This is also how you should make drawn butter today.  Gently (oh, so gently)
heat it so that it slowly melts, and keep stirring it so the part most
exposed to heat does not brown.  Not that brown butter isn't also a yummy
treat (because it is) but because it isn't drawn butter.
  
                          In any case, flour-thickened drawn butter sauces
  appear to have originated in England in the late eighteenth, early
  nineteenth centuries.

Interesting.  I was under the impression it came from France.  (And I've
always wondered if it came from Rouen... :-)  What leads you to the opposite
conclusion (France and England being culinary opposites.  :-)  I admit, my
post period cookery knowledge is weak until we hit this century.
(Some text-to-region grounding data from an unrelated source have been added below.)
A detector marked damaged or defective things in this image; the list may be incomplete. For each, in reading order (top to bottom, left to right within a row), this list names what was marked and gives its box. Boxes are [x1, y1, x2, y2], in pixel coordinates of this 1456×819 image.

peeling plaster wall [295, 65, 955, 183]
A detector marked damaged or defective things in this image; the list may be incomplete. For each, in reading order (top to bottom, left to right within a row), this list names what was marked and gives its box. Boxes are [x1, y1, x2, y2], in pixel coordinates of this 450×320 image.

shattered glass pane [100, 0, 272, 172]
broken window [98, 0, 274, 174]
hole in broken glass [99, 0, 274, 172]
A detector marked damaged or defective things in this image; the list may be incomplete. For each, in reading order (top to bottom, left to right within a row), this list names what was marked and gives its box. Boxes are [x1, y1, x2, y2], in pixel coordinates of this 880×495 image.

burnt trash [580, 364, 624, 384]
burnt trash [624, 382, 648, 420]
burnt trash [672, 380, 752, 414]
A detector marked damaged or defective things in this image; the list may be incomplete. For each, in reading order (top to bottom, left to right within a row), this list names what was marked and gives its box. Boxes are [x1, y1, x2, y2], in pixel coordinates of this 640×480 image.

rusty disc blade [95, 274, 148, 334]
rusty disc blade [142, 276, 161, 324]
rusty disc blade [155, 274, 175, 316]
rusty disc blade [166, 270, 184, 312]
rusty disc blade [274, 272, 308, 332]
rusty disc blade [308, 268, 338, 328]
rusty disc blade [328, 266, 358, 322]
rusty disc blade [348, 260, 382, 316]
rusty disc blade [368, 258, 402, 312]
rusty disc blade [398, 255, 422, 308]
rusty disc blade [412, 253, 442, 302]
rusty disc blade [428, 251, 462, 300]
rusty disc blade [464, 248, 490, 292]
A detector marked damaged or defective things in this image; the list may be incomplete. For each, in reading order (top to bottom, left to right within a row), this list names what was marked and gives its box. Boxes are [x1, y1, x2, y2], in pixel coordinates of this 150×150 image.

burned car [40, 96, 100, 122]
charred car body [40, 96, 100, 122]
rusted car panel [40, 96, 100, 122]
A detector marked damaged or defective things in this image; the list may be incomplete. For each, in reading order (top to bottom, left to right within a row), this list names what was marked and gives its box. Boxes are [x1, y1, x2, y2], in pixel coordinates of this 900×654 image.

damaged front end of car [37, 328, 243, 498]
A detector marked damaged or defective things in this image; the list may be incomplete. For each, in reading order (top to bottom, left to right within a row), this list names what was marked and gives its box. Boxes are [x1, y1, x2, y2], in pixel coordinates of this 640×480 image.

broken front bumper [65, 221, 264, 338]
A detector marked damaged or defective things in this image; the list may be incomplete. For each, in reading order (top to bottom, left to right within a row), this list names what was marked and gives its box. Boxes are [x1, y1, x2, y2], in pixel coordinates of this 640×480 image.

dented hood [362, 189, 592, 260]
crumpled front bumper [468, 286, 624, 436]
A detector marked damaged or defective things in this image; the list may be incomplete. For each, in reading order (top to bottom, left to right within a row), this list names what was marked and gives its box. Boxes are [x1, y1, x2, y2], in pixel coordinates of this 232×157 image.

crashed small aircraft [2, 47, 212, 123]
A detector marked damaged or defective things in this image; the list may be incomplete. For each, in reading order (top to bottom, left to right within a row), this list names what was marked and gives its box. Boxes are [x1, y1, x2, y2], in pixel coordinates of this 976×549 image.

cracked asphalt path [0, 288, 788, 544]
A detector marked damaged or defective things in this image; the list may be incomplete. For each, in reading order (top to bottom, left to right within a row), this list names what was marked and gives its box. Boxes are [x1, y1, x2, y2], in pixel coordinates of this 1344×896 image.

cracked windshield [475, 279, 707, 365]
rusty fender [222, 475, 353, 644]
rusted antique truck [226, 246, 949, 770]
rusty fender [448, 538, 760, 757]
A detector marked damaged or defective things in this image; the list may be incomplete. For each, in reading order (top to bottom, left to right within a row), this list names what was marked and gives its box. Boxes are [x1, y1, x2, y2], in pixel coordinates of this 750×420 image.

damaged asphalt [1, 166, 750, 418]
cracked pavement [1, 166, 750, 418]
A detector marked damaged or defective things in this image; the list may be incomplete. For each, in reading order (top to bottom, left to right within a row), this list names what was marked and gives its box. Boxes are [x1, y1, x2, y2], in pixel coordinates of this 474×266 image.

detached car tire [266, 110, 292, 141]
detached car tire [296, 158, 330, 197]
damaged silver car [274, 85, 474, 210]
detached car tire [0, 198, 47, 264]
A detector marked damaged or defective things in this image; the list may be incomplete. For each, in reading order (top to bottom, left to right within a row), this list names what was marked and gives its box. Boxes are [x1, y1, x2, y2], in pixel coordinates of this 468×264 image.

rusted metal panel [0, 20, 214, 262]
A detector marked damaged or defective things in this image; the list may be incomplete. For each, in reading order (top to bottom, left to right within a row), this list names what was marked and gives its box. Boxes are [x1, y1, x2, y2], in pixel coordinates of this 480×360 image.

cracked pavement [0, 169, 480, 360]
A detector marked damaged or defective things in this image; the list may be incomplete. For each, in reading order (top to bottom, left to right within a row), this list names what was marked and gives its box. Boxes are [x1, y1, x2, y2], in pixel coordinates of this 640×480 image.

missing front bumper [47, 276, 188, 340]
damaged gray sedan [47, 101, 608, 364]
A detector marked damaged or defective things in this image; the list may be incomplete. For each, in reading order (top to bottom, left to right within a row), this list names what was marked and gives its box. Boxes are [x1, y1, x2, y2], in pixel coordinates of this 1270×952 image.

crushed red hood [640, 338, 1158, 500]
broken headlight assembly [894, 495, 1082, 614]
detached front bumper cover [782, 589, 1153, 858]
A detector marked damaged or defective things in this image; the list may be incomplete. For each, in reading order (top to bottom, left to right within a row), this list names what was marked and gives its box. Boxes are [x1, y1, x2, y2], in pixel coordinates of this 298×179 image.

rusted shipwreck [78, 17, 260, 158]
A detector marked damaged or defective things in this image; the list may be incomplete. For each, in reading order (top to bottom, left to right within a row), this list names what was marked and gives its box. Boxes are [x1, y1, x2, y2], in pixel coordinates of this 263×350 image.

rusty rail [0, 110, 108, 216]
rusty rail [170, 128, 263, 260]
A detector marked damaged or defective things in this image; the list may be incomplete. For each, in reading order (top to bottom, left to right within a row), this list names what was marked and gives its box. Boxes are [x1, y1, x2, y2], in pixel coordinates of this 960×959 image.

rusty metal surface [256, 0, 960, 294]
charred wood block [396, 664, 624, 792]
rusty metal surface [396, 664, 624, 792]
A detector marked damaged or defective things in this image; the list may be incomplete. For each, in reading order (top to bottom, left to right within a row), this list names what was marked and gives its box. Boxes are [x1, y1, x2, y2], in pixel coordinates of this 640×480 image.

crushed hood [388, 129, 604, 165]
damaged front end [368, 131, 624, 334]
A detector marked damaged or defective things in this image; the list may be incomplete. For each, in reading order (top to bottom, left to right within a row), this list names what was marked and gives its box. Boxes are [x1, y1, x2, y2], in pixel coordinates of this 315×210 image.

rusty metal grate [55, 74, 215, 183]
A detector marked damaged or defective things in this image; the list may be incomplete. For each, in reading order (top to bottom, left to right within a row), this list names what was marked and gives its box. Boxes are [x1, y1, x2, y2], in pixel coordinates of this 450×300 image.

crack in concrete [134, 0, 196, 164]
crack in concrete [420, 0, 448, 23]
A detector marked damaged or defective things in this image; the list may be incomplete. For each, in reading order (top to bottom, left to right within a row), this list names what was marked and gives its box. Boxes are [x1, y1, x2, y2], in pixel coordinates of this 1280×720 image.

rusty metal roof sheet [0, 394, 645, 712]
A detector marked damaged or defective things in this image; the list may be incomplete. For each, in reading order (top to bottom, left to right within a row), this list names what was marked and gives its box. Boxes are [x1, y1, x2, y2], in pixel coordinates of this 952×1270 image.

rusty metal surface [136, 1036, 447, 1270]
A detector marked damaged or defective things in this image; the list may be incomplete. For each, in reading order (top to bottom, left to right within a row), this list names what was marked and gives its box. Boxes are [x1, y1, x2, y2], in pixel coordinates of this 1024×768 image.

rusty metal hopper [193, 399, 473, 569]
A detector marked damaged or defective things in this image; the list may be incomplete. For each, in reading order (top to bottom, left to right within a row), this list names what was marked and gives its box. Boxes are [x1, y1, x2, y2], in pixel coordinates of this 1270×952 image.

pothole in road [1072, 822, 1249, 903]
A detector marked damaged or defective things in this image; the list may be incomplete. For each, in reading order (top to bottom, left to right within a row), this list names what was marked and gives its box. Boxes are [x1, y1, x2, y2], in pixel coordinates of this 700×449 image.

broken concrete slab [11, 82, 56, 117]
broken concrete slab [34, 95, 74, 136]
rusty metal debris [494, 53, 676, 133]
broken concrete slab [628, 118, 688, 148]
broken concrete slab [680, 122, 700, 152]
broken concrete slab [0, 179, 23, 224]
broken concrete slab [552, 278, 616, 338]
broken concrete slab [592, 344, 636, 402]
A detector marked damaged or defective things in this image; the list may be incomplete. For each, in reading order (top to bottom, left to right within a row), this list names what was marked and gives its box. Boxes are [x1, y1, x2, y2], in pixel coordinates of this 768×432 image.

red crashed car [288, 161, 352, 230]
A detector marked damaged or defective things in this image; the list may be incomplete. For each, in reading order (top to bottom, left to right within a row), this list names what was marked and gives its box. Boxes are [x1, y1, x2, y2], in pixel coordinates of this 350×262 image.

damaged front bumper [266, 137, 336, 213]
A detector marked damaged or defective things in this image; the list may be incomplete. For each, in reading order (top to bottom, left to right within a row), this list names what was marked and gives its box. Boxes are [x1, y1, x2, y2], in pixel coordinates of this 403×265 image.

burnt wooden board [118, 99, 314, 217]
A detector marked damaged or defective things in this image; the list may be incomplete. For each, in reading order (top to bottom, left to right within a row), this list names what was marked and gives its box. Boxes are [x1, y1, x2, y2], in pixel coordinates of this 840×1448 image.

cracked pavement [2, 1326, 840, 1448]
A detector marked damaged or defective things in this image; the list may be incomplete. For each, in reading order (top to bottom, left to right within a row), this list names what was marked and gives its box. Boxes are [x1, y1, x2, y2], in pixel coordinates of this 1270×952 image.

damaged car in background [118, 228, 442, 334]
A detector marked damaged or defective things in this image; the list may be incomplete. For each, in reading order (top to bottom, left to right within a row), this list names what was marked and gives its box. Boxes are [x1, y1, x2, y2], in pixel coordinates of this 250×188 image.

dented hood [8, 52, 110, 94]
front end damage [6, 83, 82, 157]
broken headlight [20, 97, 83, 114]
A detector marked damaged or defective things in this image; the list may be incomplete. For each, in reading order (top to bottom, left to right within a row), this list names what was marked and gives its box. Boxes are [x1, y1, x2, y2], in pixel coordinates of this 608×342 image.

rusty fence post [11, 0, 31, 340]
  But, drawing butter up with a small amount of just water , or vinegar,
  or some other watery liquid is still alive and well (in dishes like REAL
  fettucine Alfredo, f'rinstance), just as it would have been done in
  period. At least in late period, anyway.

Indeed.  Proper Fettucine Alfredo is a gift of the gods.  (In my case, they
are not friendly gods.  :-)  I used to love to eat a version that was
semi-primavera-ish, with steamed or braised scallion, red peppers, and
peas.

	Tibor (Back when I ate like a man, I truly ate!)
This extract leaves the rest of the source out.